LINCOLN TOMB Lincoln’s resting place is Oak Ridge Cemetery in Springfield, where he is entombed inside a 35m-high mausoleum and buried beneath a seven-tonne red marble block to ward off grave robbers. The public receiving vault for Lincoln’s body is still there. Nearby is a marker signposting the original burial vault.
There are other sites worth visiting, including the Abraham Lincoln Birthplace in Hodgenville, Kentucky, which includes a “symbolic birthplace cabin”; the Boyhood Home at Knob Creek; the Smithsonian in Washington, which has Lincoln’s gold pocket watch and beaver fur stovepipe hat; the Library of Congress in Washington, which has two of the five copies of the Gettysburg Address written in Lincoln’s hand; and the Abraham Lincoln Presidential Library and Museum in Springfield, which combines holographic theatres, waxworks and thousands of documents and artefacts to tell the story of his life.

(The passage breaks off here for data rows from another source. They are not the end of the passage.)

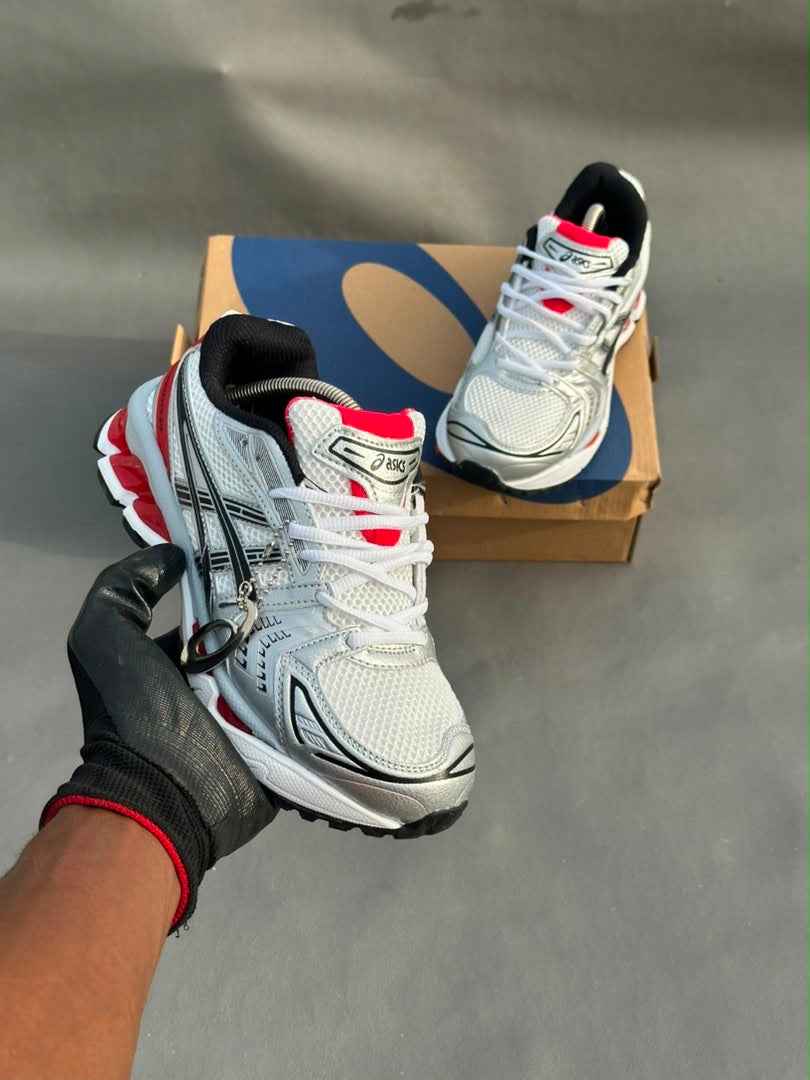 ASICS GEL-KAYANO 14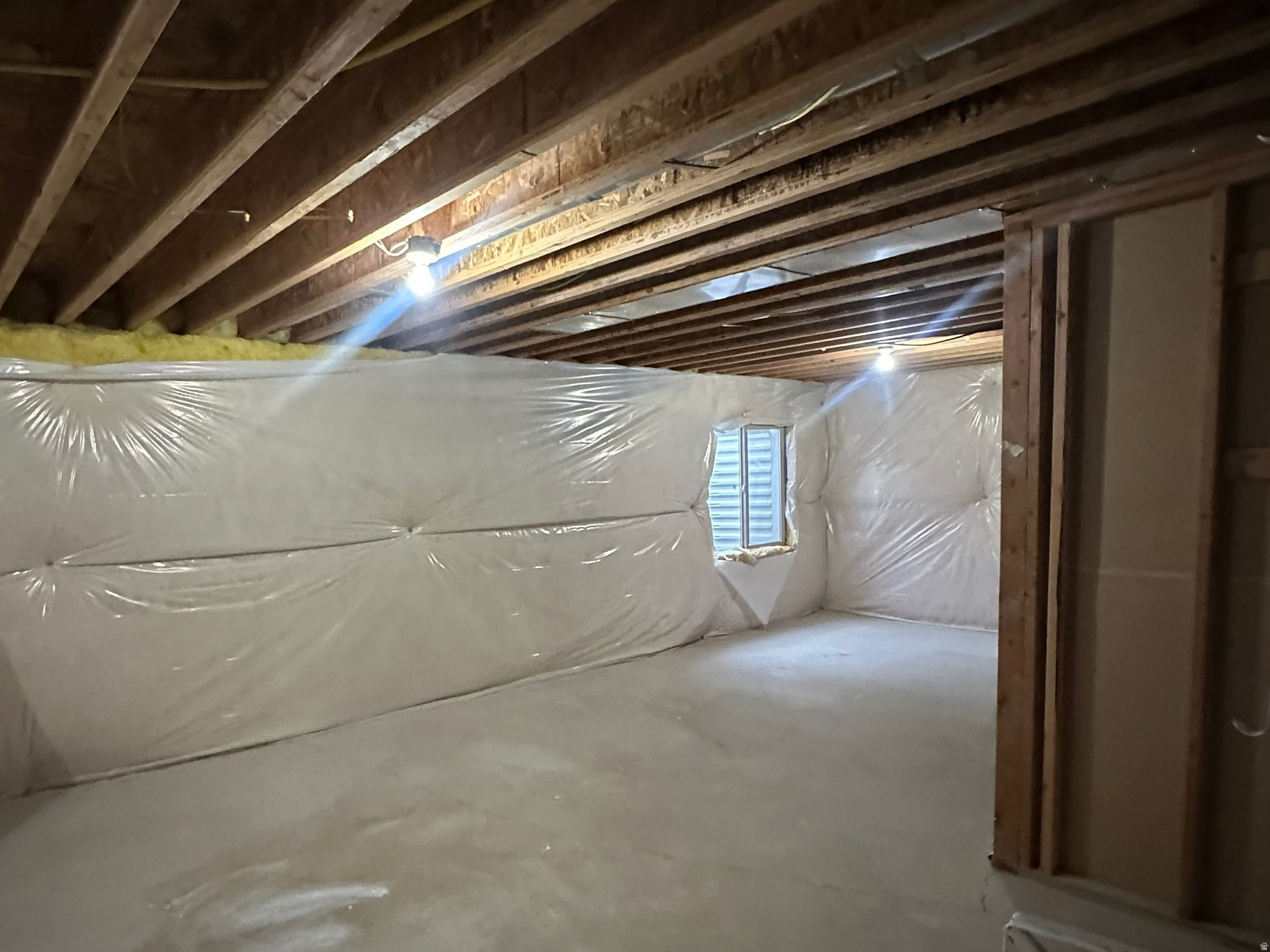 WYNGATE COMMONS - Residential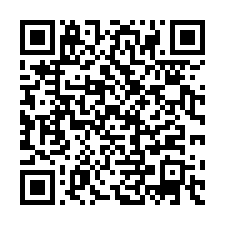 QR Code for bitcoin:bitcoin:bitcoin:bitcoin:1DyLNrECzuBbKHCMB4MEFTWeETAnWfnox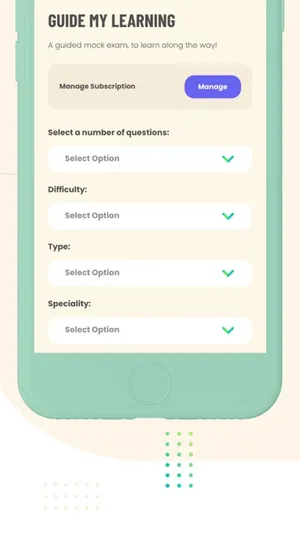 GoDoctor On The Go screenshot 5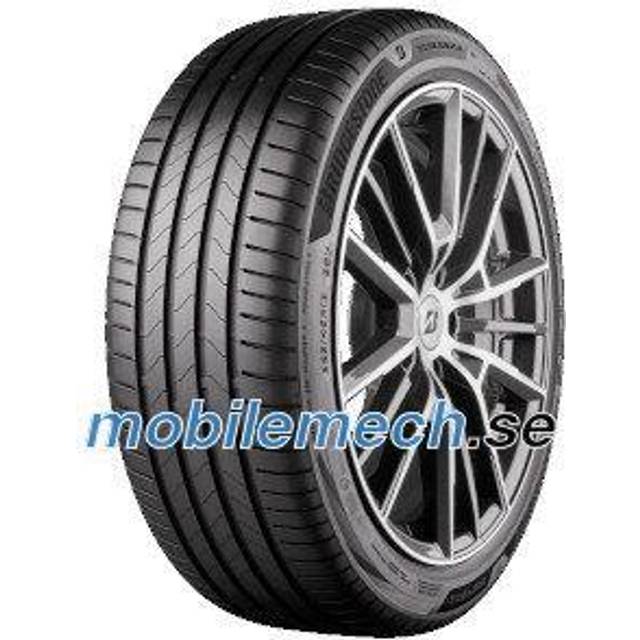 Bridgestone Turanza 6 275/40 R20 106Y personbil Sommardäck Däck 20578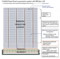 TASMO-HD (combination of seismic isolation and seismic response control systems)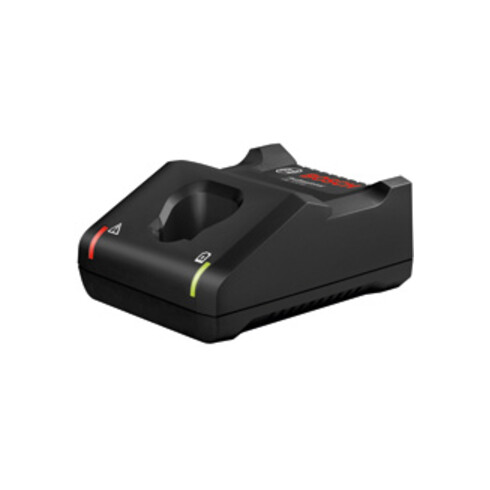 Chargeur Bosch GAL 12V-40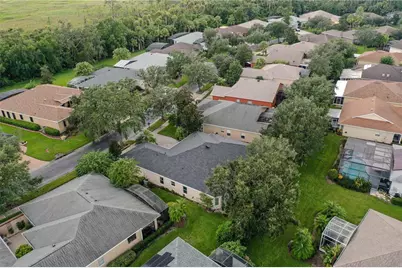 157 Sand Piper Drive, Kissimmee, FL 34759 - Photo 37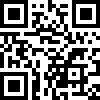 https://ar.abna24.com/x8FC7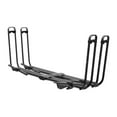 thumbnail image 6 of Piston Pro, 6 of 7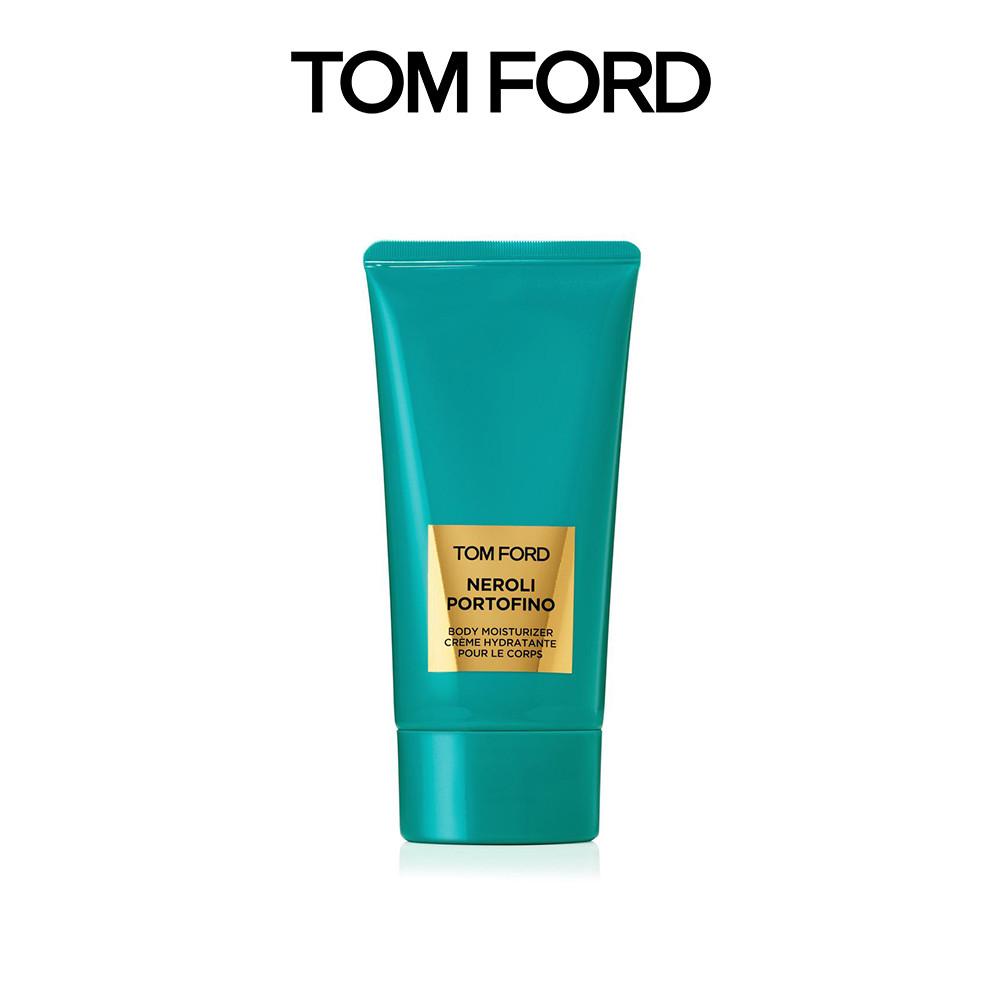 톰포드 네롤리 포르토피노 바디 로션 150ml US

Despite having read dozens of books about Lincoln, studied the photographs that document his physical deterioration and viewed countless documentaries and movies, aspects of his life remained elusive. He seemed remote, like the colossus 5.8m statue that sits inside the Lincoln Memorial in Washington, DC.
But a ground-level study from New Salem to Springfield and Gettysburg to Washington helped to reveal the real Lincoln by separating the man from the mythology.